Fielded just prior to Thursday’s executive order, the poll finds fewer Americans (21%) say that the president and his administration should do what they can to make the law fail so they can replace it later.
The vast majority of Democrats (93%) and three quarters of independents (74%) say the Trump administration should do what they can to make the law work. Republicans are more divided, with about half (48%) saying they should do what they can to make the law work and about four in 10 (43%) saying the administration should do what they can to make the law fail.
The poll also finds two thirds of the public (66%) say it is more important for President Trump and Congress to work on legislation to stabilize the Affordable Care Act’s marketplaces than continue efforts to repeal and replace it. That is more than twice the share (30%) who say it is more important for the administration and Congress to continue repeal and replace efforts than to stabilize the markets.
Large majorities of Democrats (85%) and independents (67%) say stabilizing the marketplaces to minimize premium increases and encourage competition is more important.

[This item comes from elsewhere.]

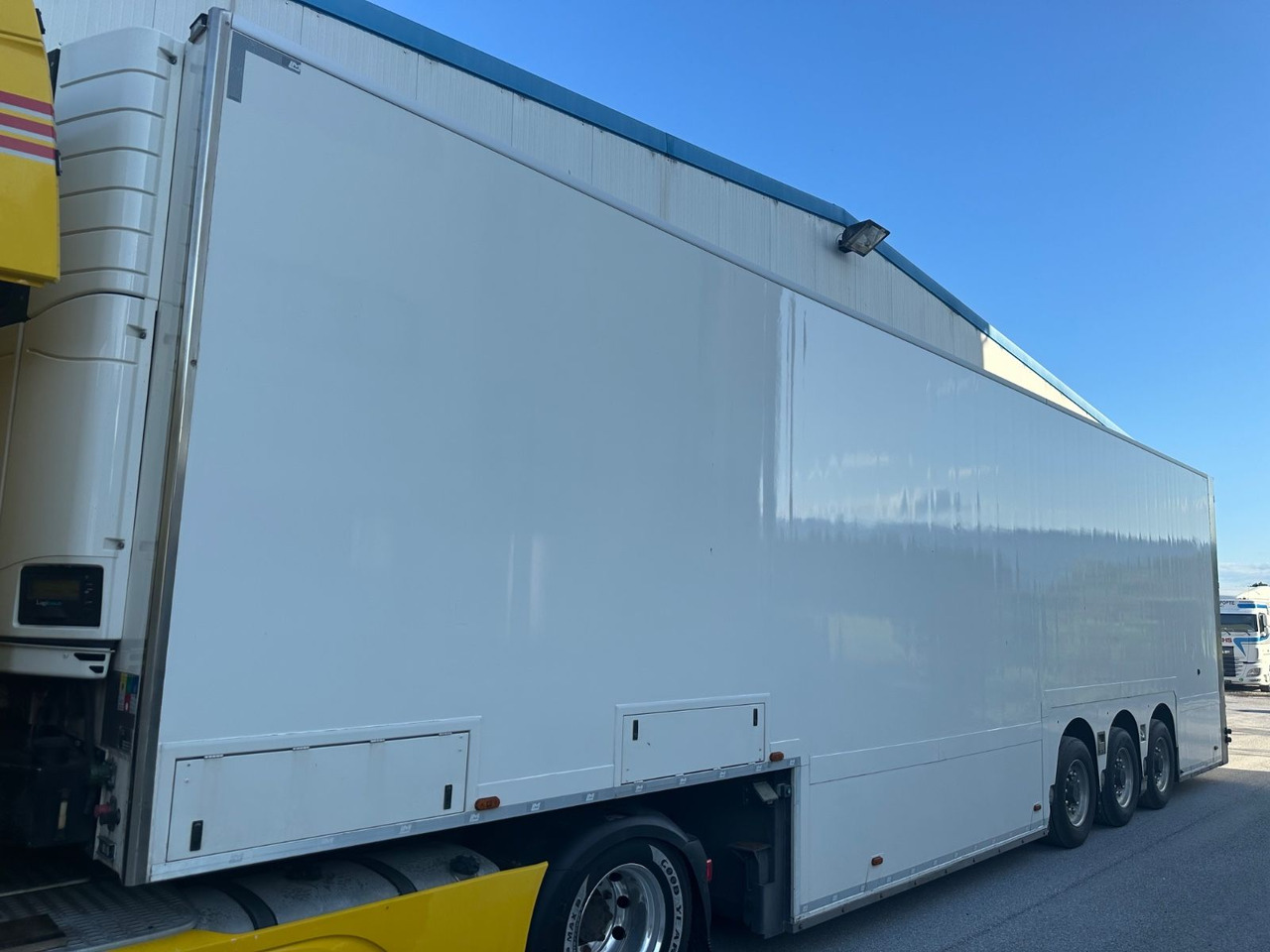Van Eck Dubbeldeck T3Z Carrier - Semirremolque caja cerrada: foto 1 Van Eck Dubbeldeck T3Z Carrier - Semirremolque caja cerrada: foto 1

Republicans, however, are more divided between continuing repeal and replace efforts (51%) and stabilizing the marketplaces (43%).
Late Thursday, the Trump administration announced it would end cost-sharing reduction payments to insurers intended to lower the deductibles and copayments that low-income marketplace enrollees face. The poll finds that a majority of the public (60%) favor Congress guaranteeing those payments to insurers while a third (33%) say they are a bailout of insurance companies and should be stopped.

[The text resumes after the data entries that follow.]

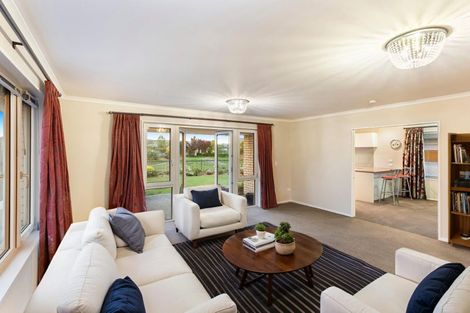 Photo of property in 12 Retallick Way, Amberley, 7410
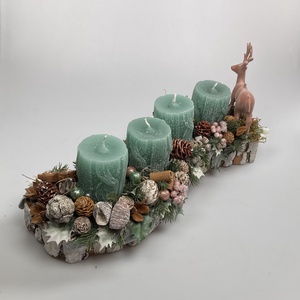 Flokkolt rénszarvassal tarkított, kötött mintás, zöld gyertyás adventi asztaldísz aprólékos díszítéssel (AW7) - karácsony - adventi díszek - adventi asztaldísz - Meska.hu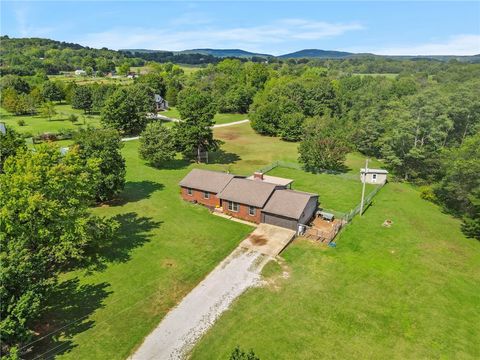 11322 SW Campbell Road Fayetteville AR 72701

Partisans view the cost-sharing subsidies very differently. While majorities of Democrats (82%) and independents (62%) want Congress to continue them, most Republicans (55%) say that the payments should stop.

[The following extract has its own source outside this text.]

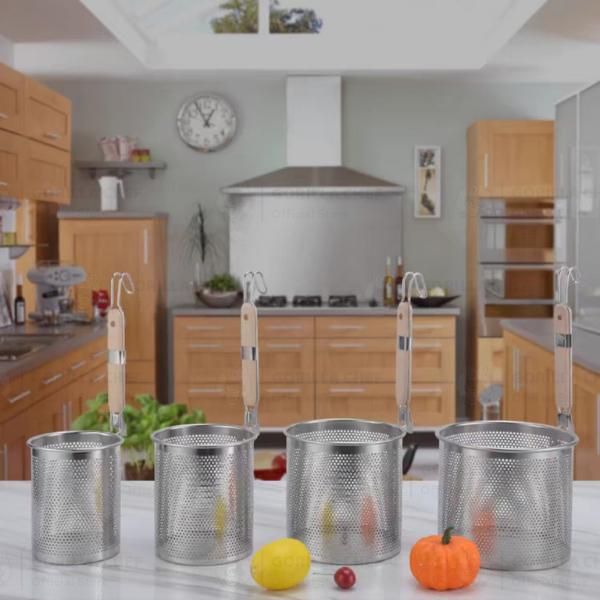 Vợt trụng hủ tiếu mì, phở inox Gorilla Chef có quai treo trên thành nồi và tay cầm gỗ cách nhiệt 6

However, these partisan differences fade when framed as part of a bipartisan deal to stabilize the ACA marketplaces similar to the one being negotiated by Senators Lamar Alexander and Patty Murray. When asked whether they support Congress guaranteeing the funds to continue the cost-sharing reduction payments as part of a bipartisan compromise that also would give states more flexibility in the types of plan sold in their state’s marketplace, a majority of the public (69%) – including roughly equal shares of Democrats (69%), independents (70%), and Republicans (68%) – say they support such a compromise.
Despite support for a bipartisan approach, a large majority (69%) of the public say that they are either “not too confident” or “not at all” confident that President Trump and Congress will be able to work together to improve the ACA marketplaces. Fewer (30%) say they are either “very” or “somewhat” confident that they will be able to work together.
In the past few months, President Trump’s administration has made a number of changes related to the ACA and the marketplaces. In general, about twice as many say the actions taken by President Trump and his administration are “hurting” (40%) the way the ACA marketplaces are working than say the actions are “helping” (19%). One-third (34%) say their actions are not having much impact on the way the marketplaces are working.
When asked about four specific actions the Trump administration has taken related to ACA marketplaces, the public is largely divided. Half approve of the Trump administration decreasing federal spending on advertisements encouraging people to sign up for health insurance and suggesting the federal government may stop enforcing the individual requirement to have health insurance or else pay a fine. On the other hand, most (61%) disapprove of the Trump administration decreasing federal funding to organizations that help people enroll in health insurance, and half disapprove of limiting federal involvement in community events held by states to encourage enrollment.
Not surprisingly, approval of the actions taken by President Trump’s administration are largely driven by party identification with the majority of Republicans expressing approval for each of the four actions while few Democrats approve of any of the actions.
Other findings include:
- This month, half (51%) of the public express favorable views of the ACA, while 40 percent express unfavorable views of the 2010 law. This is a five percentage points increase in the share of the public who held favorable attitudes in September (46%) and similar to August, when more expressed a favorable opinion than an unfavorable one (52% favorable, 39% unfavorable).
- About half of the public overall (54%), and majorities across parties – Republicans (52%), independents (56%), and Democrats (55%) – say it is important for the country to continue the debate over the health care law. Smaller shares – about four in ten – say that they are tired of the debate and think the country should focus more on other issues.